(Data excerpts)
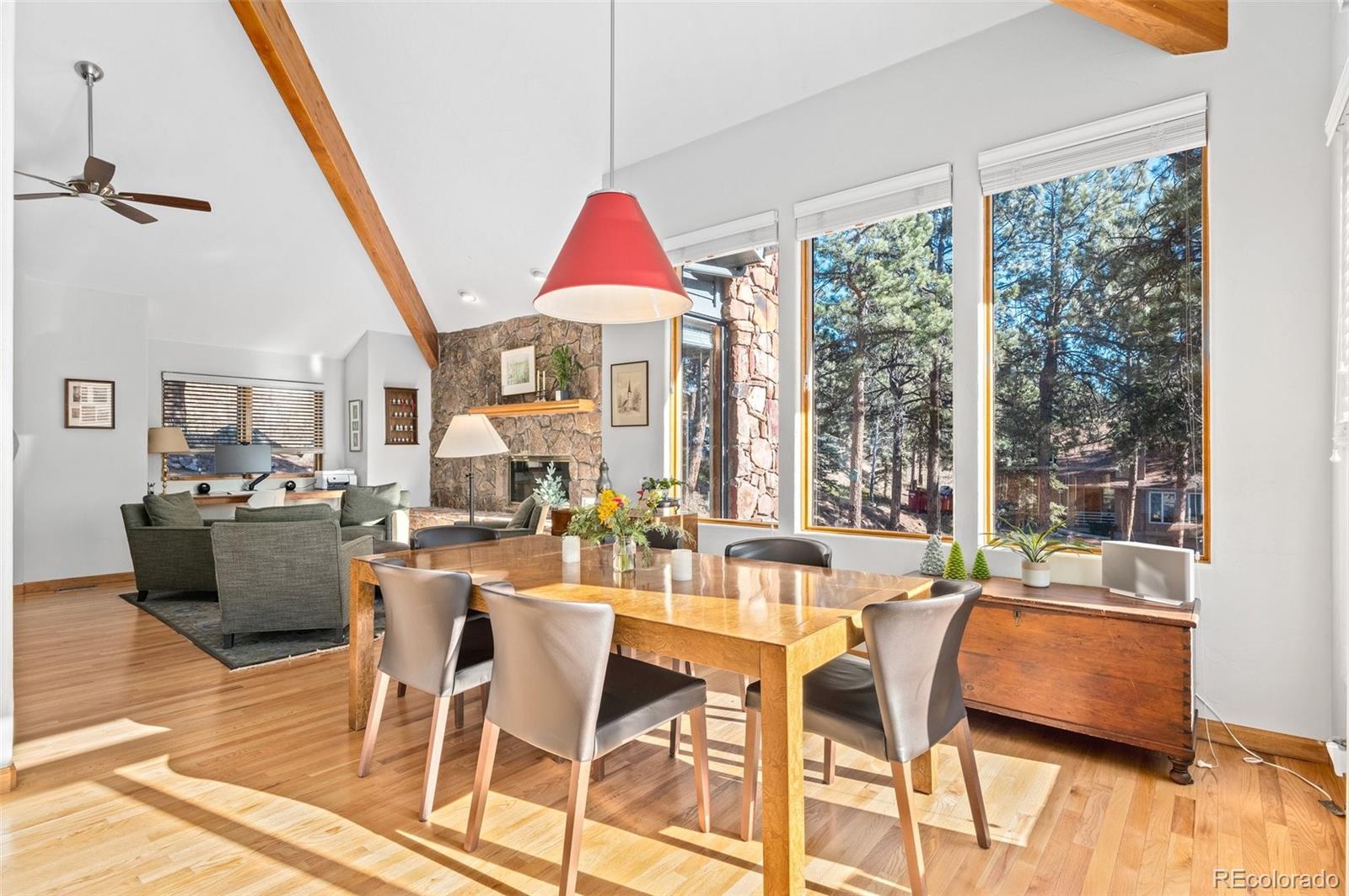 30754 Stratton Court Evergreen, CO 80439 - Photo 11 of 40 a view of a dining room with furniture window and wooden floor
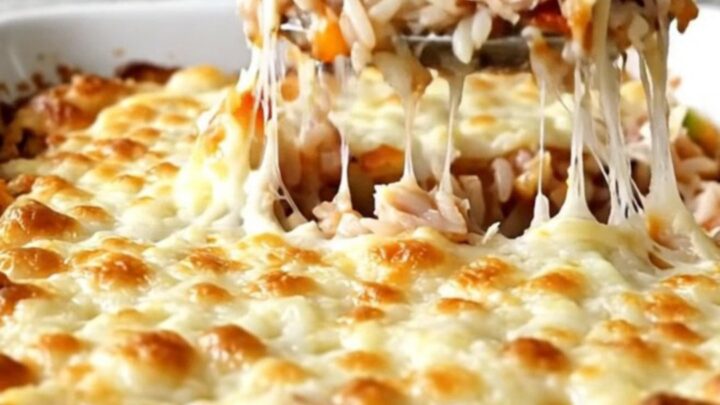 A top-down view of a stuffed pepper casserole with melted mozzarella cheese in a rectangular white baking dish.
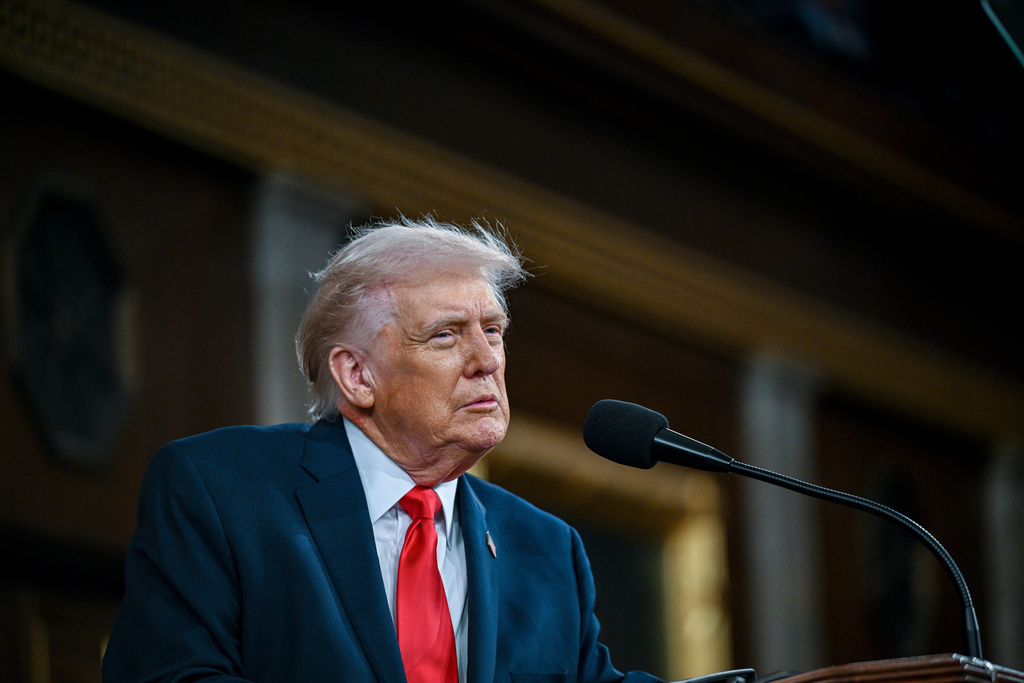 President Donald Trump delivers the State of the Union address to a joint session of Congress in the House chamber at the U.S. Capitol in Washington, Tuesday, Feb. 24, 2026. (Kenny Holston/The New York Times via AP, Pool)
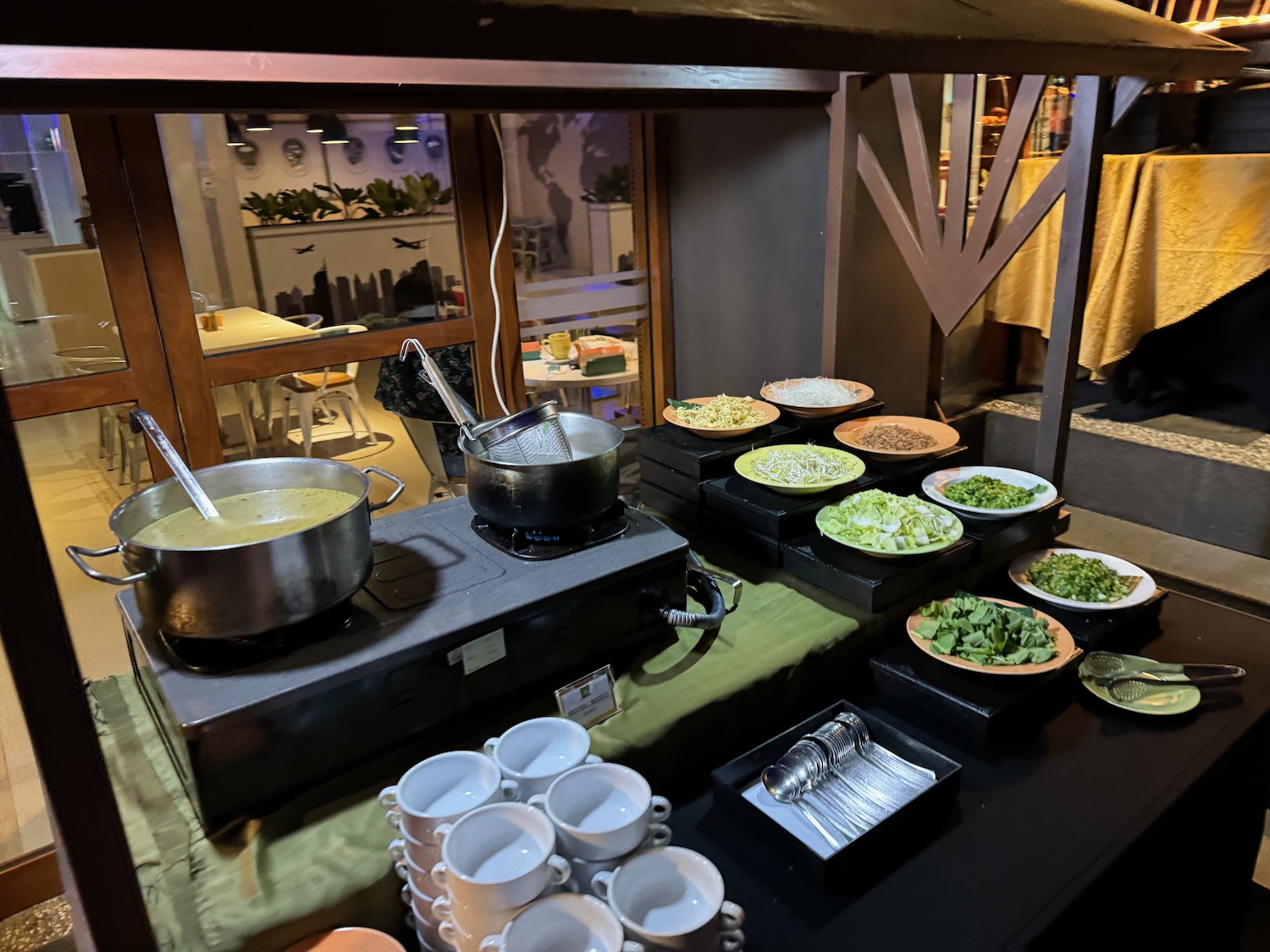 a table with plates of food and utensils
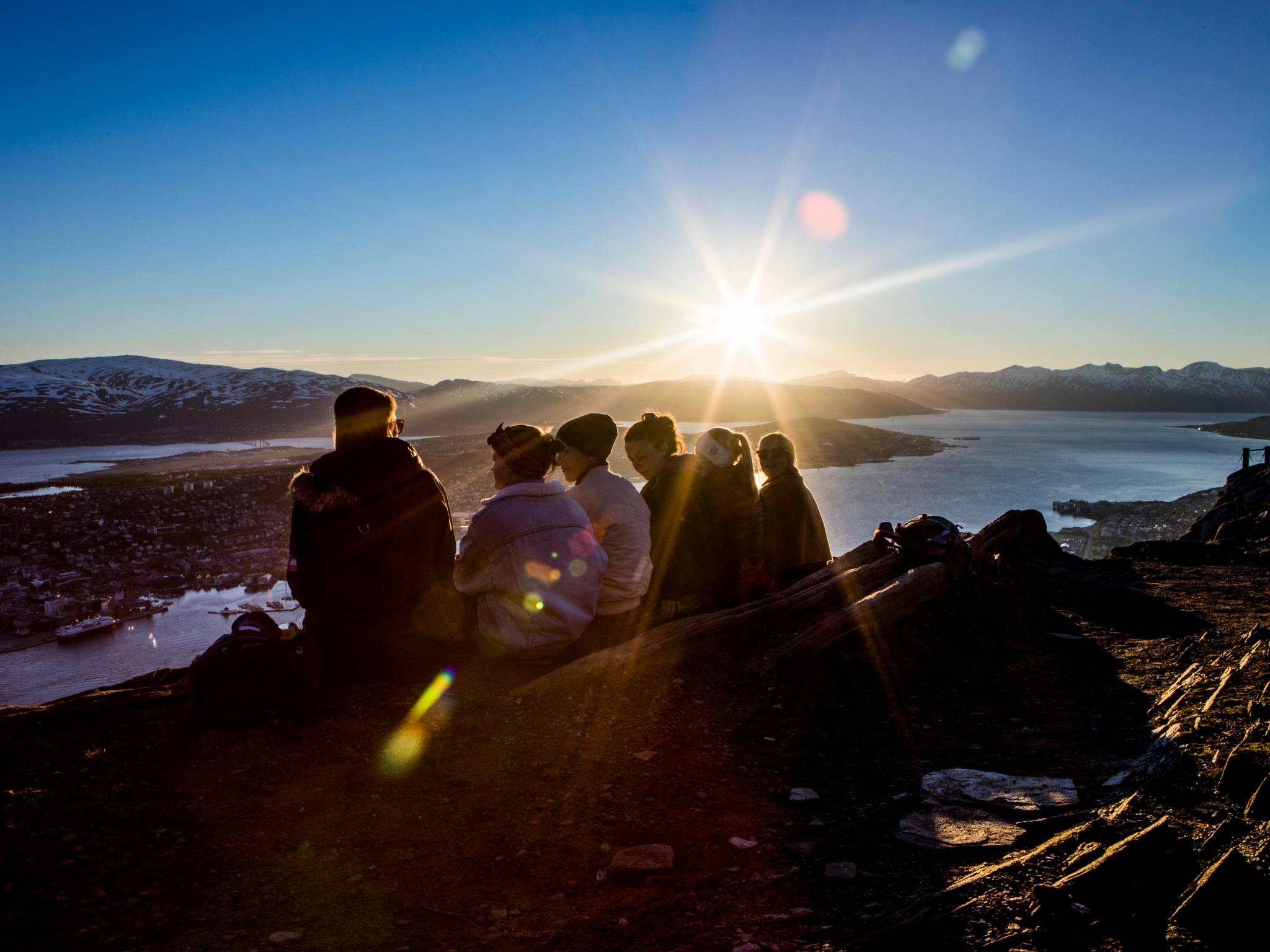 People enjoying the midnight sun from the top of a mountain
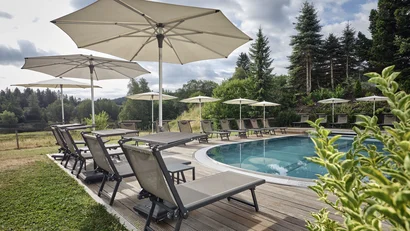 Leere Liegestühle mit Sonnenschirmen neben einem Pool in einer bewaldeten Landschaft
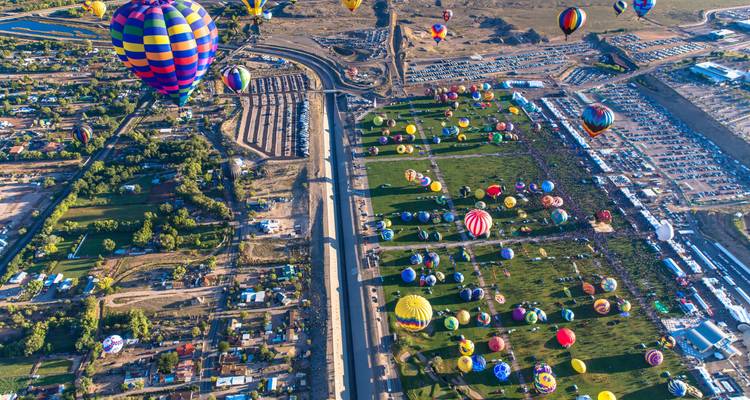 Luchtfoto van heteluchtballonnen boven een groot veld.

* Action item
A word-for-word copy is needed of the lines from the line holding "Leere Liegestühle mit" through the end of the records, both included, excluding every picture.

* Reply to the exercise
 Leere Liegestühle mit Sonnenschirmen neben einem Pool in einer bewaldeten Landschaft
 Luchtfoto van heteluchtballonnen boven een groot veld.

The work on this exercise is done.